Desde el Partenón, situado en el punto más alto de la colina, hay una vista espectacular sobre Plaka y el resto de la populosa Atenas. Sin embargo, cuesta despegar la vista del templo, diezmado por los ingleses, que tienen sus mármoles en las salas del Museo Británico: de hecho, es imposible no sentir el despojo frente a estos frontispicios desnudos y estas columnas que resisten erguidas el paso del tiempo. Los reclamos griegos por los llamados “mármoles de Elgin” (por el nombre del lord inglés que los llevó a Londres) comenzaron en los años ’80, cuando era ministra de Cultura Melina Mercouri: para la actriz y activista contra la dictadura de los coroneles, el reclamo griego se apoyaba en la ilegalidad del traslado de los mármoles, ya que habían sido comprados a los ocupantes turcos. El Partenón, decía Mercouri, “es el monumento que mejor representa nuestra cultura y la democracia, y queremos devolverle su belleza”. Pero fue en vano. Veinte años después de su muerte, una estatua la homenajea en una placita de la avenida Amalias, frente al Arco de Adriano: el visitante la verá una y otra vez en sus paseos por Atenas, gracias a su ubicación céntrica. Pero sus reclamos fueron desoídos, y los mármoles del Partenón siguen siendo la estrella del Museo Británico.

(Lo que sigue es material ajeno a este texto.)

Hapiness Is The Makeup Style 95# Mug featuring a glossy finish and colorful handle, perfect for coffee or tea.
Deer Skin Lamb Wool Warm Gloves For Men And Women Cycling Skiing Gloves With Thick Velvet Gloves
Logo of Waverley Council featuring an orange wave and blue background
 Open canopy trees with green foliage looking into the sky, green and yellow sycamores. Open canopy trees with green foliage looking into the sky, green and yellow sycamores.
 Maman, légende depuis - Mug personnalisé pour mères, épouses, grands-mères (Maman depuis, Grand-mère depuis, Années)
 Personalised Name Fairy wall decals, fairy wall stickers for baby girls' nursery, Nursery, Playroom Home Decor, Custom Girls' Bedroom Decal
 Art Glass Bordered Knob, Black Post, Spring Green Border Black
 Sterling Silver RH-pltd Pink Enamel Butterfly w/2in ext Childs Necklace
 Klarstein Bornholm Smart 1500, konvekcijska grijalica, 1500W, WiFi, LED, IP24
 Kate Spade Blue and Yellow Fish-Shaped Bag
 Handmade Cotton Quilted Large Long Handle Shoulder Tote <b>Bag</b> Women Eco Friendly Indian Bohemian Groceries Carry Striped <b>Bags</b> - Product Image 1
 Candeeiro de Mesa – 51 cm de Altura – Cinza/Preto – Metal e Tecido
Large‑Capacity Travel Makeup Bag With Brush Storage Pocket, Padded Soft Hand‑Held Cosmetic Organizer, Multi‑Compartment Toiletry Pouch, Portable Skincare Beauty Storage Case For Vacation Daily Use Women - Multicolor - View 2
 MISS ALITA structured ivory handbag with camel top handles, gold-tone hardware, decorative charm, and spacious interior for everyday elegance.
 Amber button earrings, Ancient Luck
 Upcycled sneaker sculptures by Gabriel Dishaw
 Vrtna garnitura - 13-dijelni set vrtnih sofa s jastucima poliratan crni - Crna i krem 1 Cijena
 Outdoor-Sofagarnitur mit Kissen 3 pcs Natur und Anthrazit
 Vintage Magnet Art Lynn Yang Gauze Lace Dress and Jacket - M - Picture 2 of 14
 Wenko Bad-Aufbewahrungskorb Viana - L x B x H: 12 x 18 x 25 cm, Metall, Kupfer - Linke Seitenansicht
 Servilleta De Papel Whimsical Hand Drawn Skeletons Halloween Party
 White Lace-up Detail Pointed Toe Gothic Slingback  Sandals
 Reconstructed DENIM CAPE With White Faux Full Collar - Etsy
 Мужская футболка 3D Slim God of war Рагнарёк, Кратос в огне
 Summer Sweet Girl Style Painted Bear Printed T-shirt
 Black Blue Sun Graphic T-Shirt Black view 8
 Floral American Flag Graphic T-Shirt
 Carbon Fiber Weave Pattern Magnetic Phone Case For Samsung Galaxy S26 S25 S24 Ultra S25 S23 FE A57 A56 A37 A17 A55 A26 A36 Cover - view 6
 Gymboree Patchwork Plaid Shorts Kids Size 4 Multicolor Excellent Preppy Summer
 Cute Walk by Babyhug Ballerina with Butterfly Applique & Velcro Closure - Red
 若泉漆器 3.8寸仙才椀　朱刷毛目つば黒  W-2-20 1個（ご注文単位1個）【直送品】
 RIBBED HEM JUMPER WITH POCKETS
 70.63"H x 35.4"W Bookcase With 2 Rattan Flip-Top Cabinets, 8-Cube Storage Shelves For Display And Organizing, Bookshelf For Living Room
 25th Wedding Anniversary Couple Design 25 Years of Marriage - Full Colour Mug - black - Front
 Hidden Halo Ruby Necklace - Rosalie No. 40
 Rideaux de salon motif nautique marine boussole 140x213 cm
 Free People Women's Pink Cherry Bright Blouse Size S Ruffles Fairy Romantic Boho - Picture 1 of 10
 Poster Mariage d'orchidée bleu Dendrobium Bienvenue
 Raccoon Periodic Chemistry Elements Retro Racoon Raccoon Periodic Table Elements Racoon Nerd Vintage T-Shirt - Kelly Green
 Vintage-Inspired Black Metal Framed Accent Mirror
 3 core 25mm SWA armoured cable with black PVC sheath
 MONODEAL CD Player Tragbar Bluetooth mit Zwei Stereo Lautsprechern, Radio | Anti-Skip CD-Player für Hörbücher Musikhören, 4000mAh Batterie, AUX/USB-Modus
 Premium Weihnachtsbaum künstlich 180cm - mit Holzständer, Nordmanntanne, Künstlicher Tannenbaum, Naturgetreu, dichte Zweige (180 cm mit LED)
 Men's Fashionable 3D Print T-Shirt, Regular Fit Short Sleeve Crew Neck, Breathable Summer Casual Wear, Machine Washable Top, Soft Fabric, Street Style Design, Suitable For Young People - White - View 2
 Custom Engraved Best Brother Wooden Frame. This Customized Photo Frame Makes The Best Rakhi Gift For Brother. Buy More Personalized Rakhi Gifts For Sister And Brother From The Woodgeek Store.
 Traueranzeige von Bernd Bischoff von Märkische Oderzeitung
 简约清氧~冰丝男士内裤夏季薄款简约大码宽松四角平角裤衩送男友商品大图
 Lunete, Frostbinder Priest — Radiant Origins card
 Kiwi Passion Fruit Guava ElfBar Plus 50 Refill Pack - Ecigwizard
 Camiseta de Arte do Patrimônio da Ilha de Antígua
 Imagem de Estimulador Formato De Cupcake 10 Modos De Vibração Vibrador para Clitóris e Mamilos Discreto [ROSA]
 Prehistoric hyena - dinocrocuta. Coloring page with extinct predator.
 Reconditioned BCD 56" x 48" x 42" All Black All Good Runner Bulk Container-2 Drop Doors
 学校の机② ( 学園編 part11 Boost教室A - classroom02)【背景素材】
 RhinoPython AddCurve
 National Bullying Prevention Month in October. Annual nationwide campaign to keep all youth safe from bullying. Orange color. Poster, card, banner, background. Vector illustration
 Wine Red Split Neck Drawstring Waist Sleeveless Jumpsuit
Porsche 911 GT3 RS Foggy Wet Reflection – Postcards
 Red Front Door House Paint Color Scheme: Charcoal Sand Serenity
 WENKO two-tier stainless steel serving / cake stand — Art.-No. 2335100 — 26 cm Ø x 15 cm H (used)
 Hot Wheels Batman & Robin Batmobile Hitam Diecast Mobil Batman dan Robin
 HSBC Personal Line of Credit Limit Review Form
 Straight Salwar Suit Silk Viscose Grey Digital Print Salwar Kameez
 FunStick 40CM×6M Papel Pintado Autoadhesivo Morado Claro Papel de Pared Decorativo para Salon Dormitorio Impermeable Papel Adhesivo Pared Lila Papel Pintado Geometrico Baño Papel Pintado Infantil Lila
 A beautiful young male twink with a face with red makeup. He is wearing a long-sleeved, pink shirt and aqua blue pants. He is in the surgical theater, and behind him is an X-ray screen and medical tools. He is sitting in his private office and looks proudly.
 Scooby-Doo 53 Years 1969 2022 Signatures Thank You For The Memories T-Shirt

Mientras tanto, a un lado del templo de Atenea Partenos hay otro, el Erecteion, famoso porque aquí están fijadas para la eternidad seis cariátides (que son en realidad réplicas de cinco estatuas hoy custodiadas en el Museo de la Acrópolis, y una sexta en el Museo Británico). El resto de la colina invita a quedarse todo el día, porque aquí están también el Teatro de Dioniso, donde se representaban las tragedias de Esquilo y Sófocles, el contiguo Odeón, donde hoy se organizan conciertos, el magníficamente conservado templo de Hefesto y el Agora de Atenas, cuidadosamente restaurada y dedicada a la exhibición de esculturas de distintas etapas de la historia griega.
La visita a la Acrópolis tiene su conclusión natural en el museo que le está dedicado, a pasos de la colina. Junto con el Museo Arqueológico Nacional, son los dos museos imperdibles de Atenas, los que resumen la quintaesencia de esa cultura extraordinaria que se desarrolló hace más de 2500 años a orillas del Mediterráneo y que proyectó su sabiduría y desarrollo científico hasta hoy: basta pensar en la economía, astronomía, geometría, matemáticas, mecánica, filosofía…; la lista de disciplinas –todas con nombres de origen griego– nacidas en esta tierra es apenas un indicio de la extraordinaria ebullición cultural de aquellos tiempos.
Rumbo a Plaka
Apenas cae la tarde se ilumina Plaka, el pintoresco barrio al pie del Partenón donde se concentran tabernas, bares y restaurantes. Sobre un lado del Partenón, antes de internarse en las callecitas del barrio, vale la pena pasear por la avenida Dionysiou Areopagitou, siguiendo el itinerario peatonal que va de la avenida Vasilissis Amalias hasta el arco de Adriano, y sigue estrechándose hasta la entrada de la Acrópolis. Sombreada por olivos plantados a ambos lados de la calle, con fácil acceso a algunas de las ruinas de este corazón arqueológico de Atenas, el paseo es uno de los preferidos de los atenienses: aquí hay chicos patinando, familias que pasean, turistas sacando fotos, todos bajo el abrazo protector de la Acrópolis. La avenida tiene cierto aire señorial, gracias a varios edificios de frente neoclásico y modernista levantados desde fines del siglo XIX, y sobre todo respira tranquilidad y dolce vita.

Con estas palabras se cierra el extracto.